Requiem | страница 53



Собственная наша уникальность - вот высшая ценность нашего мира. Но ведь как ценность она может сохраняться только там, где существует ограничение и общей численности индивидов и сроков жизни каждого из них. Бессмертие же способно возвести уникальность до абсолюта, то есть до такого состояния, когда между людьми оказывается невозможным уже никакое общение. Ведь если даже говорящим на одном языке порой трудно понять друг друга там, где существует разность темпераментов, несовпадение личного опыта, объемов индивидуализированной культуры, то что же сказать об отличиях, накапливаемых не десятилетиями, и даже не веками, но вечностью? Умножаемая вечностью, уникальность каждого индивида рано или поздно взрывает все цементирующее род, и как единое он уже не может существовать. Обретающий бессмертие индивид рано или поздно оказывается в самом центре какой-то бесчисленной толпы... не понимаемый никем и абсолютно одинокий, как только может быть ndhmnj человек, внезапным крушением жизненного уклада выбрасываемый на дальний берег иноязычной культуры.
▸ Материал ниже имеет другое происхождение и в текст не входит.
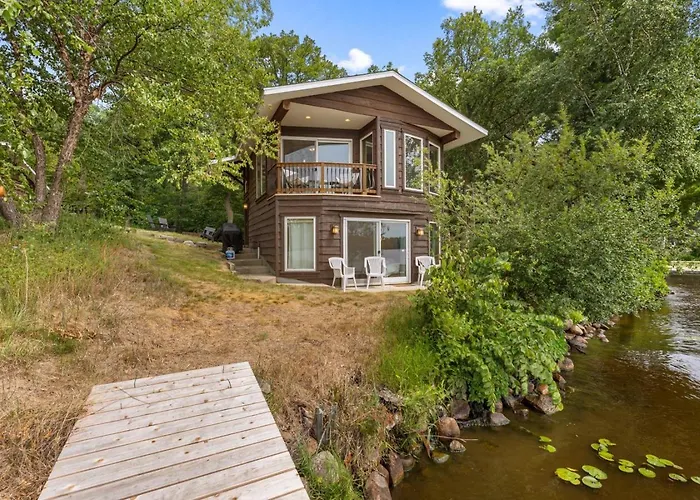 Cozy Rice Lake Cabin With Balcony And Grill And Views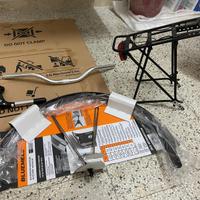Accessori bici- sterzo, pipa, parafanghi e altro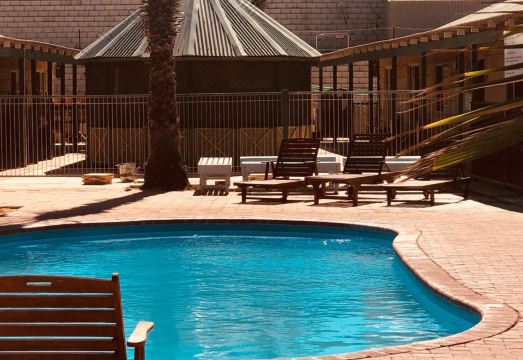 베이 로지 데넘 수영장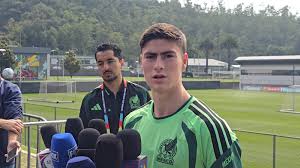 El delantero Armando González va por su primer gol en la Súper Liga de Grecia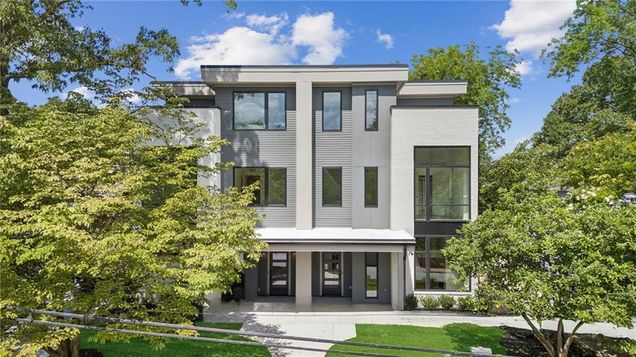 81 Walthall Street SE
Впрочем, даже не на чужой далекий берег, но вообще на какую-то иную планету, кишащую мириадами совершенно неведомых ему... и таких же одиноких никем не понимаемых и никому не нужных существ.

Впрочем, задумываемся ли мы о том, что само возведение нашей уникальности в ранг какой-то высшей ценности мира совершенно немыслимо вне отчуждения индивида от всего богатства определений рода. Превращаясь в аналог математической дроби, знаменатель которой стремится к бесконечности, человек осознает свое ничтожество в сравнении с теми ценностями, что аккумулированы всем человечеством, и осознание собственной уникальности именно как некоторого высшего дара есть форма своеобразной психологической защиты от этого унизительного состояния. Чем более глубокой оказывается пропасть между человеком и человечеством, тем более развитым становится культ непохожести. Неспособность смириться со своей ничтожностью - вот что кроется в такой иерархии ценностей, в вечной боязни индивида оказаться таким "как все".
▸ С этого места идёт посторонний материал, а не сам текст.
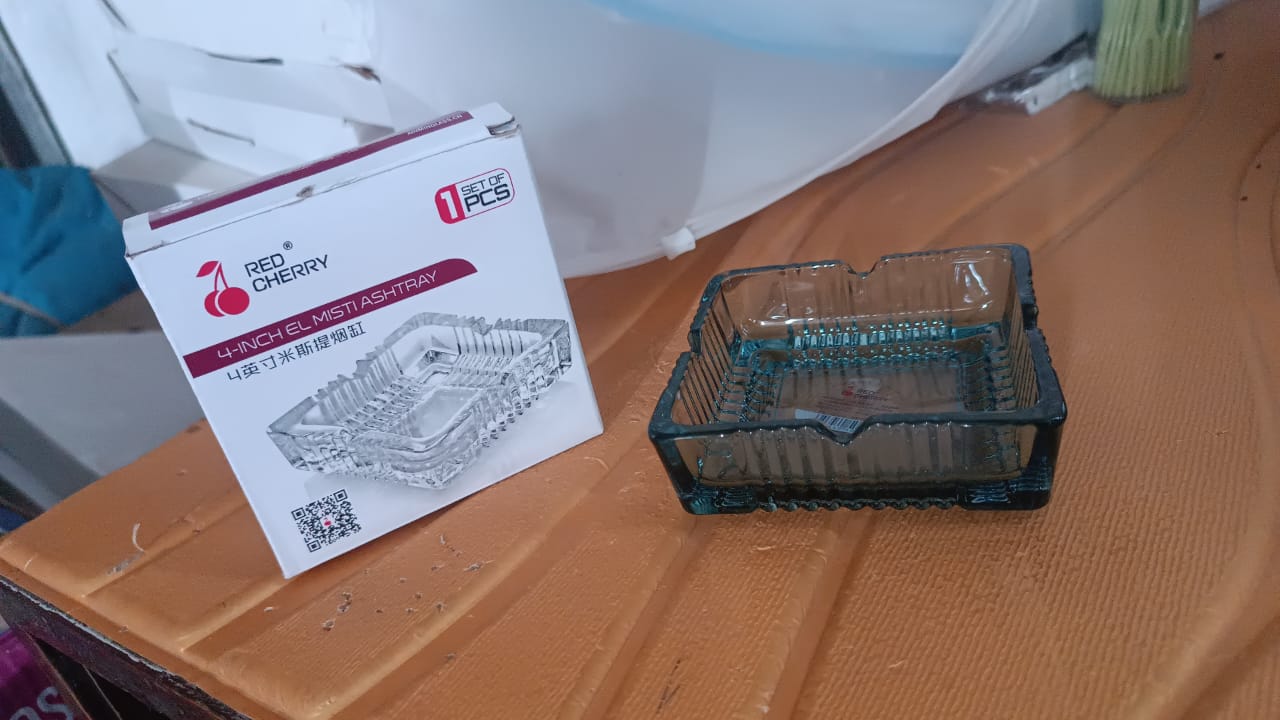 Square Glass Misti Crystal Quality Cigar Cigarette Ashtray Round Tabletop for Home Office Indoor Outdoor Home Decor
Но "человек-дробь" способен сохранить суверенитет своей индивидуальности только там, где существует надежный заслон от всеподавляющей бесконечности рода; и облеченное в плоть бытие позволяет нам отгородиться от него защитным барьером какого-то ограниченного уютного круга родных и близких. И если бессмертие это продолжение все тех же форм существования, что и сегодня властвуют в нашем мире, то с накоплением отличий, составляющих субстанцию нашей уникальности, рано или поздно начинают рваться последние связи между людьми. Но если распадается род, то что остается от самого индивида? Ведь именно он, именно то, что цементирует его единство, формирует и хранит каждого из нас, и каждый из нас немыслим вне его. Распад рода неизбежно означает и распад всего человеческого в человеке, а значит, и сам индивид в конце концов становится обреченным. Поэтому физическое бессмертие решительно немыслимо без изменения физических основ нашего бытия... а значит, и вне растворения всего нашего духа в каких-то иных, не представимых обыденным сознанием, формах движения. А значит, немыслимо и без коренного изменения самих представлений человека о существе и форме бессмертия...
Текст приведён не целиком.